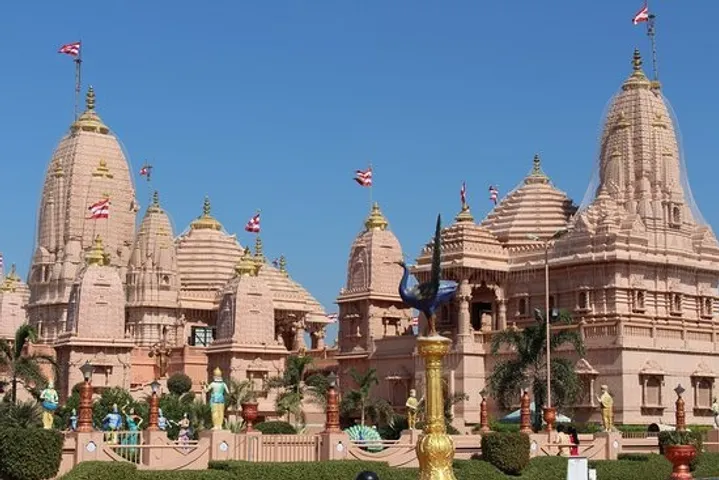 Kuber Bhandari temple opened again from Thursday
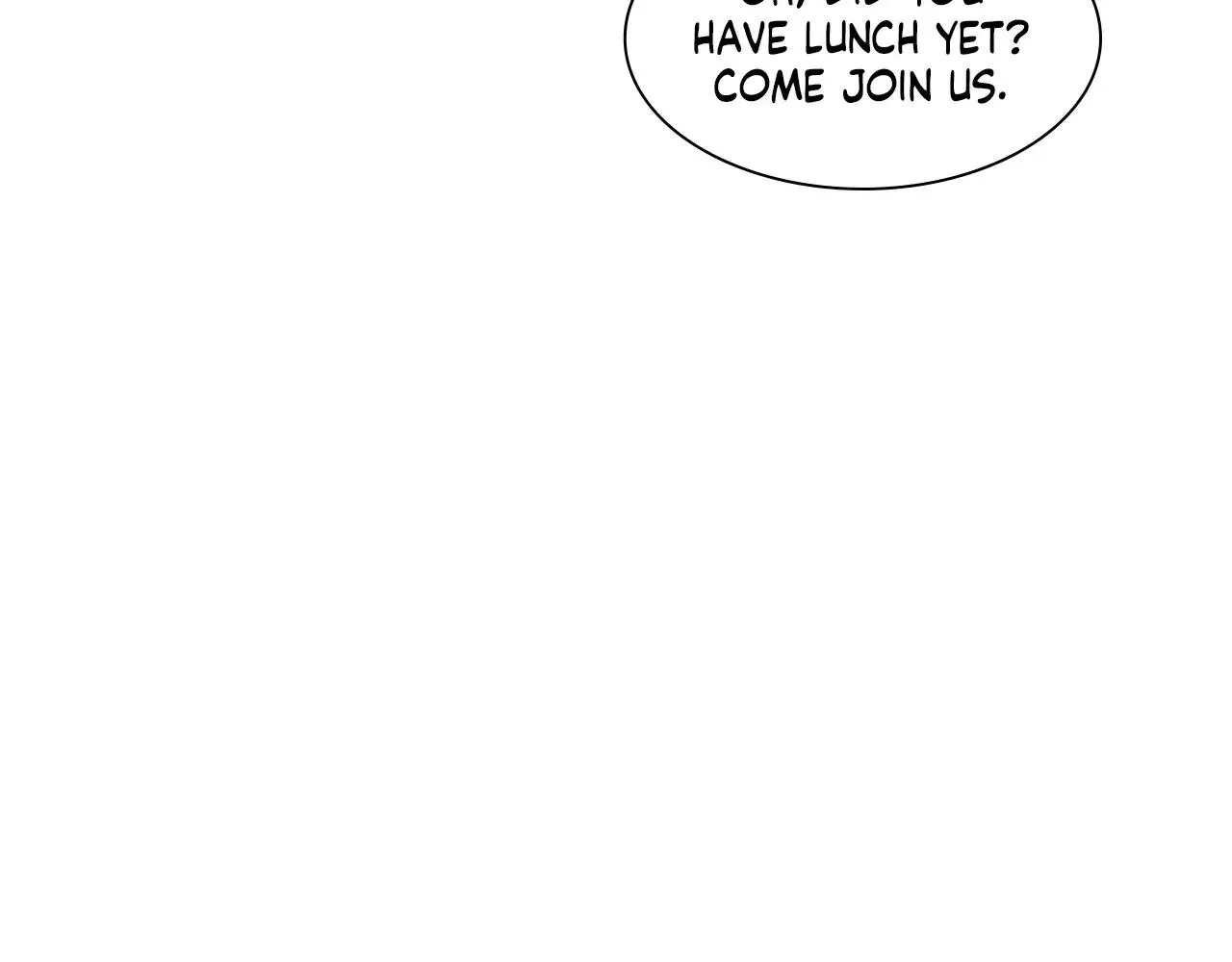 Sketch Chapter 100 page 120 - 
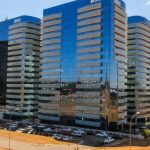 brb-faz-auditoria-para-apurar-fraudes-ligadas-ao-banco-master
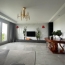  RENTAL EXPERT IMMOBILIER : Appartement | ROSNY-SOUS-BOIS (93110) | 87 m2 | 1 550 € 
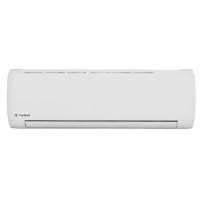 מזגן TADIRAN 11950BTU דגם ALPHA PRO INV 180NG תדיראן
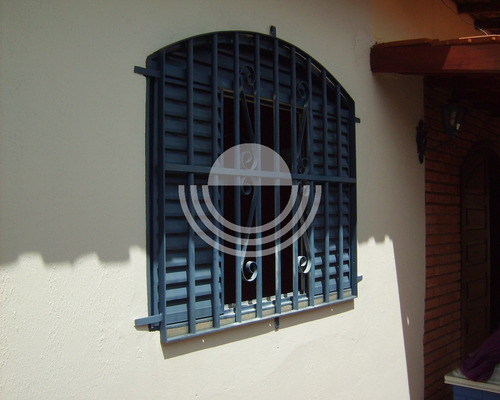 Imagem 20 de 23 de Casa À Venda Em Jardim Do Lago - Ca002162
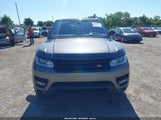 Land Rover Range Rover Sport 5.0L V8 Supercharged/5.0L V8 Supercharged Dynamic SALWR2FE9HA146975 photo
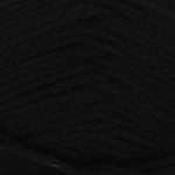 Itsy Bitsy DK Cotton 56m 25gm - Black image
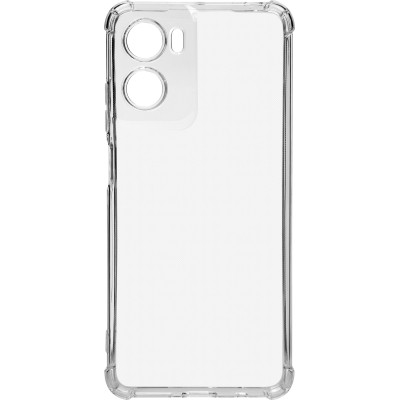 Чехол для мобильного телефона Armorstandart Air Force Motorola G05 / E15 Camera cover Clear (ARM82957)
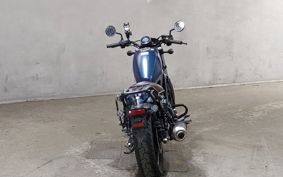HONDA REBEL MC49
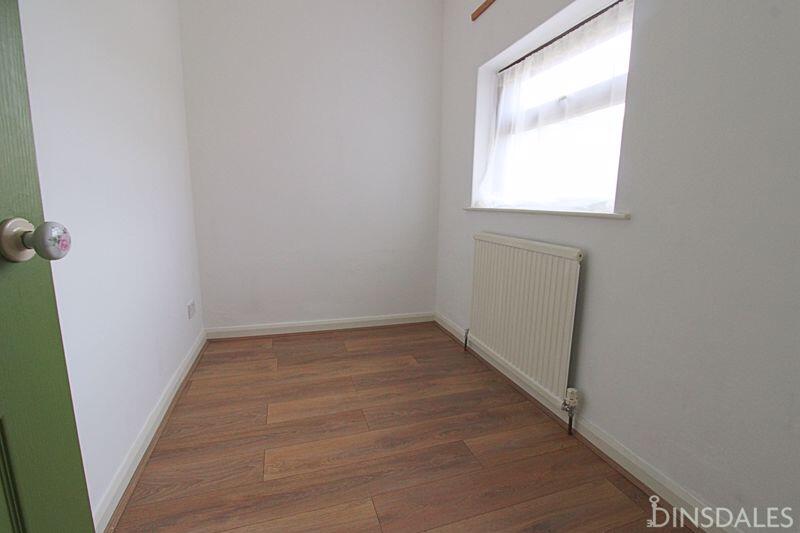 Additional image 6 of The Avenue, Clayton, Bradford, BD14 6PE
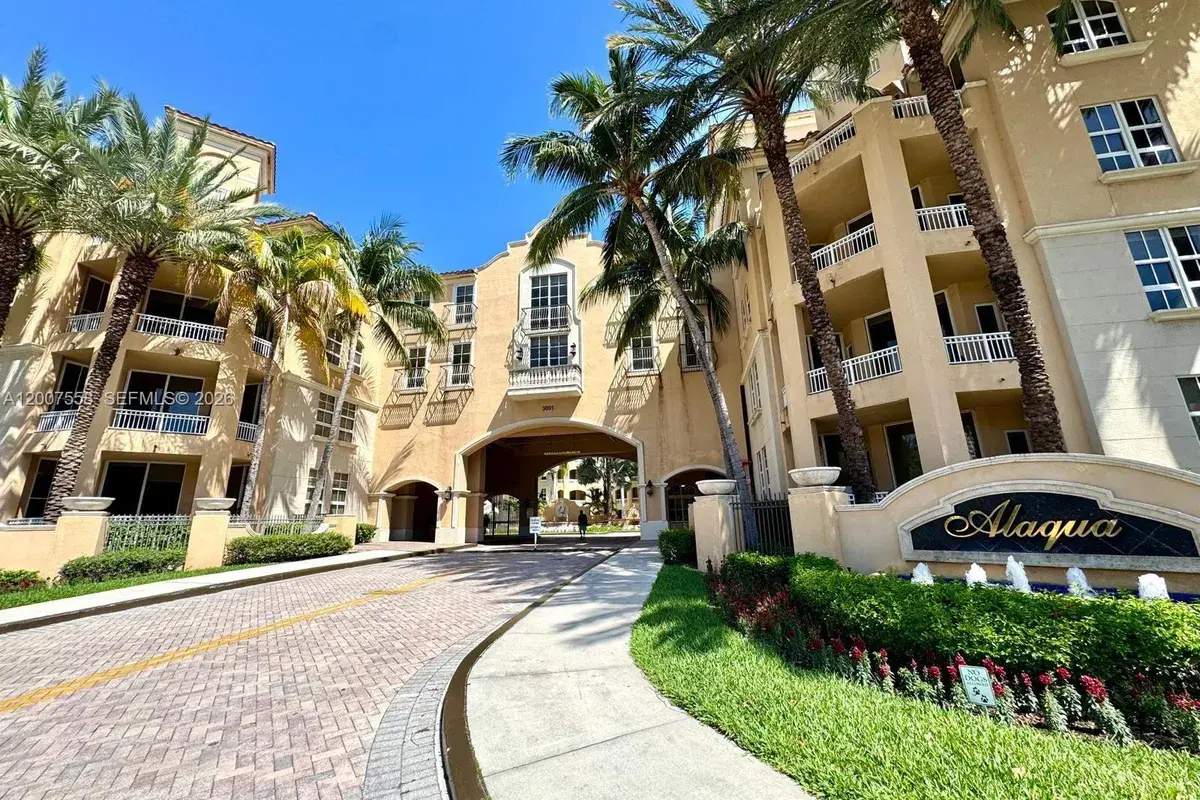 3001 NE 185th St # 225, Aventura FL 33180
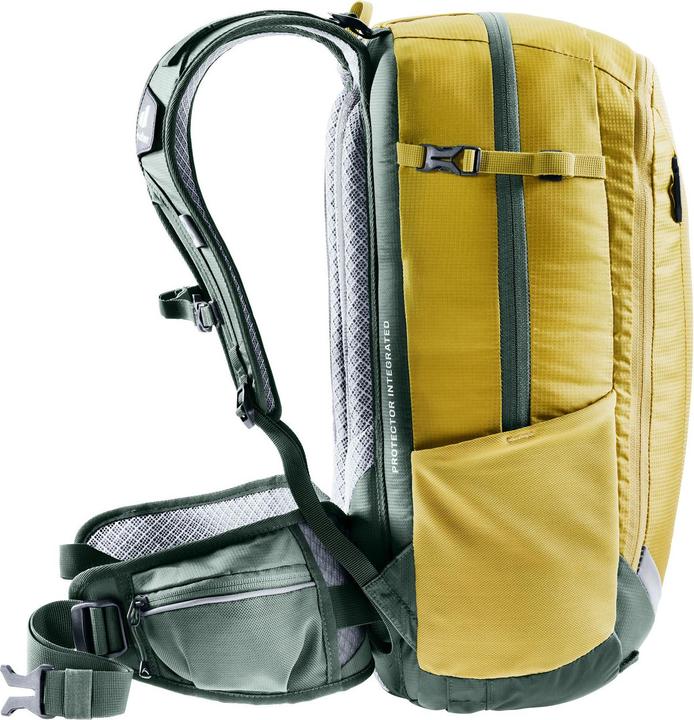 Image du produit Deuter Flyt (14 l)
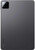 Xiaomi Pad 7 8/256Gb Gray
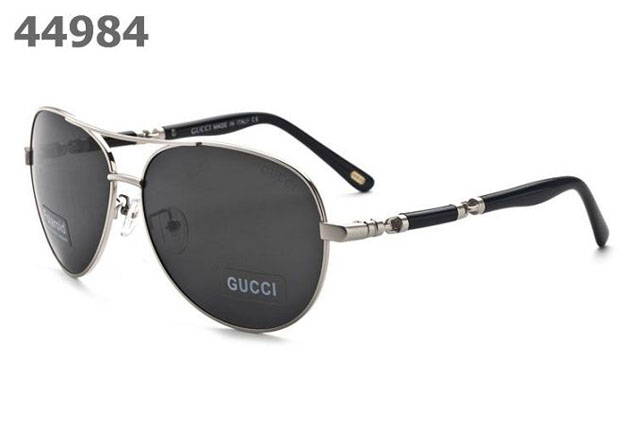 Gucci Sunglasses 2017 - 526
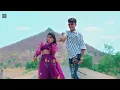 #dancevideo | जान मारे झुलनिया ना | #samarsingh | #khushbutiwari | #shubhamjaker #khushbooghazipuri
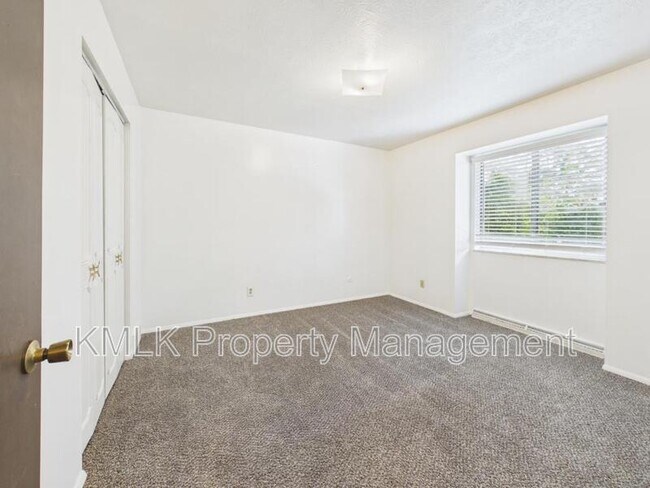 Building Photo - 4280 Lorwood Dr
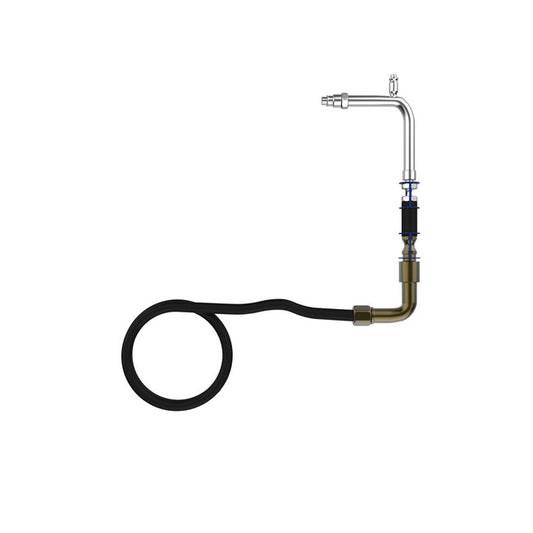 Manguera A/C OEM John Deere AL111815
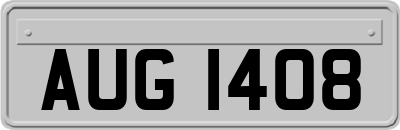 AUG1408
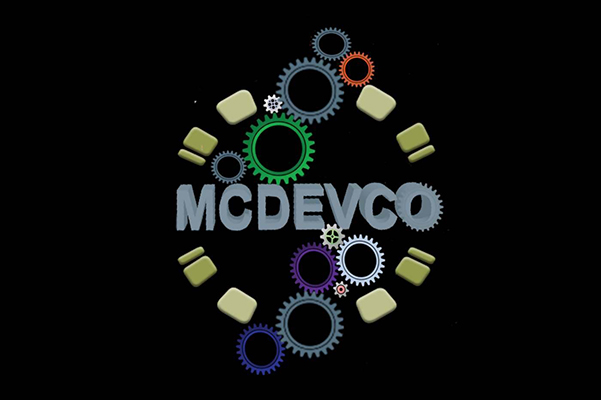 MCDEVCO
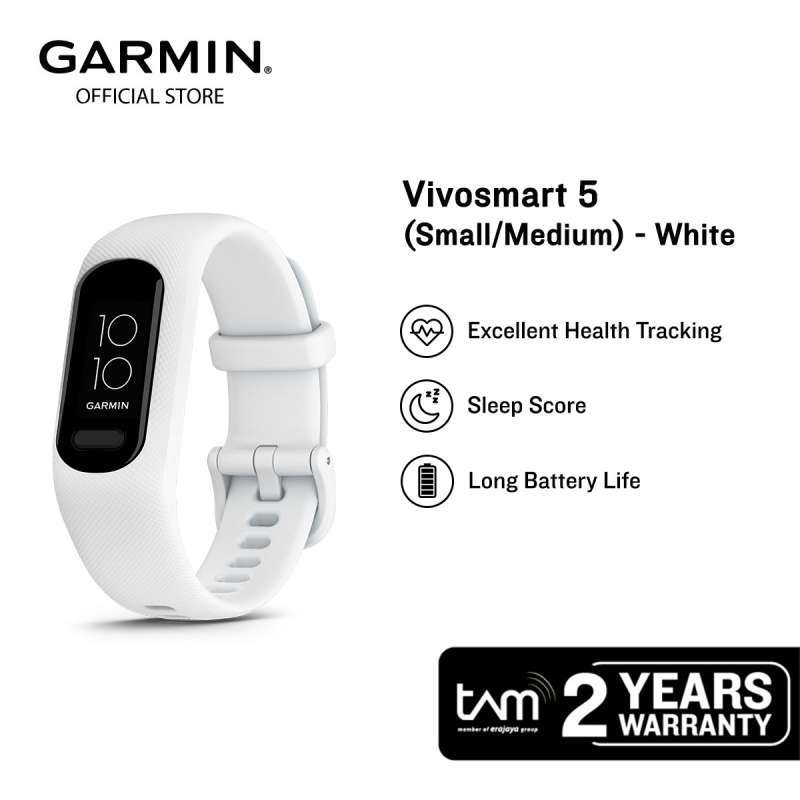 Garmin official store store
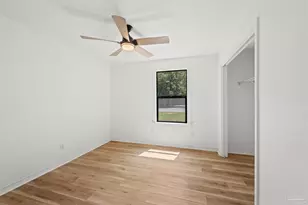 1643 Balogh Dr, Gulf Breeze, FL 32563 - Photo 24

******************************

Drop the pictures; return the lines above from the line containing "Imagem 20 de" to the line containing "Itsy Bitsy DK Cotton 56m 25gm - Black image", both included, exactly.

Response to this exercise:
 Imagem 20 de 23 de Casa À Venda Em Jardim Do Lago - Ca002162
 Land Rover Range Rover Sport 5.0L V8 Supercharged/5.0L V8 Supercharged Dynamic SALWR2FE9HA146975 photo
 Itsy Bitsy DK Cotton 56m 25gm - Black image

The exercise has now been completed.